• Problem requirements:
Each record must be printed exactly as given.

• Records for the task:
----------

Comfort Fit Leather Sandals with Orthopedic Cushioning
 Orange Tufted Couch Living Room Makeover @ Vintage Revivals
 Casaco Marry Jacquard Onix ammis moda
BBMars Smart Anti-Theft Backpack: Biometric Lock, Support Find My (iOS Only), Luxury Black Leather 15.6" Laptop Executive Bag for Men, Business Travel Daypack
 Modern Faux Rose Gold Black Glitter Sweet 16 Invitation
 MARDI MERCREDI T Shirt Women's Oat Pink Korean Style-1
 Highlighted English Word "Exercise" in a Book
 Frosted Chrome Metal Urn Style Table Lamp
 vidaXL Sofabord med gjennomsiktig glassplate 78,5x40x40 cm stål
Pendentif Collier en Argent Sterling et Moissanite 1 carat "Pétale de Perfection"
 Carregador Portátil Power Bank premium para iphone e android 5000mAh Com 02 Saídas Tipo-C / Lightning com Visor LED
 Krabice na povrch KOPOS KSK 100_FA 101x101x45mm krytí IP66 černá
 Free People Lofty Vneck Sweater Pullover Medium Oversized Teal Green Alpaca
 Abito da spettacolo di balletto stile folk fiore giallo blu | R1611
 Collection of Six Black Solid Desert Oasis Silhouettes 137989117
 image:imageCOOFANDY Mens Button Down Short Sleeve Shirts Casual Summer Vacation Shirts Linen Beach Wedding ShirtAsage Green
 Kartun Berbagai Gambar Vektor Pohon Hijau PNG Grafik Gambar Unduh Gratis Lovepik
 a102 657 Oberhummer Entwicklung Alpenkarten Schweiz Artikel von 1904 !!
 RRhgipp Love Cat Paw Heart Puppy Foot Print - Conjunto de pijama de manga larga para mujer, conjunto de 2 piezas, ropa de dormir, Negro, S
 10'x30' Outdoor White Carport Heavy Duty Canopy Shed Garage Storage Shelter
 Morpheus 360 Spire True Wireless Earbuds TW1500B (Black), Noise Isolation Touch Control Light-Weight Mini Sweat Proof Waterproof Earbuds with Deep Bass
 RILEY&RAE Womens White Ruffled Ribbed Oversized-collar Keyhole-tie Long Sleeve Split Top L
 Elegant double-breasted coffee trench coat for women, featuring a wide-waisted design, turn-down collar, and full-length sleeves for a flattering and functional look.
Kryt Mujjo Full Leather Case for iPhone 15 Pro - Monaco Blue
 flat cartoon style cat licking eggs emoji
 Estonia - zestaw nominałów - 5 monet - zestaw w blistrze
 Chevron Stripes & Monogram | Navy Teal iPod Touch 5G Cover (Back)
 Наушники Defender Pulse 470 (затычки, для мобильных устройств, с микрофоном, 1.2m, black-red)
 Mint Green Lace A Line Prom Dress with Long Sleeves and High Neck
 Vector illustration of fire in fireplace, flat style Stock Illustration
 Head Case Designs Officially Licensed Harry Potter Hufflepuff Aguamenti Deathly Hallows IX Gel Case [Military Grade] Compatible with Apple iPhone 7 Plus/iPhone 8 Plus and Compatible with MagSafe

----------

• Task response:
Comfort Fit Leather Sandals with Orthopedic Cushioning
 Orange Tufted Couch Living Room Makeover @ Vintage Revivals
 Casaco Marry Jacquard Onix ammis moda
BBMars Smart Anti-Theft Backpack: Biometric Lock, Support Find My (iOS Only), Luxury Black Leather 15.6" Laptop Executive Bag for Men, Business Travel Daypack
 Modern Faux Rose Gold Black Glitter Sweet 16 Invitation
 MARDI MERCREDI T Shirt Women's Oat Pink Korean Style-1
 Highlighted English Word "Exercise" in a Book
 Frosted Chrome Metal Urn Style Table Lamp
 vidaXL Sofabord med gjennomsiktig glassplate 78,5x40x40 cm stål
Pendentif Collier en Argent Sterling et Moissanite 1 carat "Pétale de Perfection"
 Carregador Portátil Power Bank premium para iphone e android 5000mAh Com 02 Saídas Tipo-C / Lightning com Visor LED
 Krabice na povrch KOPOS KSK 100_FA 101x101x45mm krytí IP66 černá
 Free People Lofty Vneck Sweater Pullover Medium Oversized Teal Green Alpaca
 Abito da spettacolo di balletto stile folk fiore giallo blu | R1611
 Collection of Six Black Solid Desert Oasis Silhouettes 137989117
 image:imageCOOFANDY Mens Button Down Short Sleeve Shirts Casual Summer Vacation Shirts Linen Beach Wedding ShirtAsage Green
 Kartun Berbagai Gambar Vektor Pohon Hijau PNG Grafik Gambar Unduh Gratis Lovepik
 a102 657 Oberhummer Entwicklung Alpenkarten Schweiz Artikel von 1904 !!
 RRhgipp Love Cat Paw Heart Puppy Foot Print - Conjunto de pijama de manga larga para mujer, conjunto de 2 piezas, ropa de dormir, Negro, S
 10'x30' Outdoor White Carport Heavy Duty Canopy Shed Garage Storage Shelter
 Morpheus 360 Spire True Wireless Earbuds TW1500B (Black), Noise Isolation Touch Control Light-Weight Mini Sweat Proof Waterproof Earbuds with Deep Bass
 RILEY&RAE Womens White Ruffled Ribbed Oversized-collar Keyhole-tie Long Sleeve Split Top L
 Elegant double-breasted coffee trench coat for women, featuring a wide-waisted design, turn-down collar, and full-length sleeves for a flattering and functional look.
Kryt Mujjo Full Leather Case for iPhone 15 Pro - Monaco Blue
 flat cartoon style cat licking eggs emoji
 Estonia - zestaw nominałów - 5 monet - zestaw w blistrze
 Chevron Stripes & Monogram | Navy Teal iPod Touch 5G Cover (Back)
 Наушники Defender Pulse 470 (затычки, для мобильных устройств, с микрофоном, 1.2m, black-red)
 Mint Green Lace A Line Prom Dress with Long Sleeves and High Neck
 Vector illustration of fire in fireplace, flat style Stock Illustration
 Head Case Designs Officially Licensed Harry Potter Hufflepuff Aguamenti Deathly Hallows IX Gel Case [Military Grade] Compatible with Apple iPhone 7 Plus/iPhone 8 Plus and Compatible with MagSafe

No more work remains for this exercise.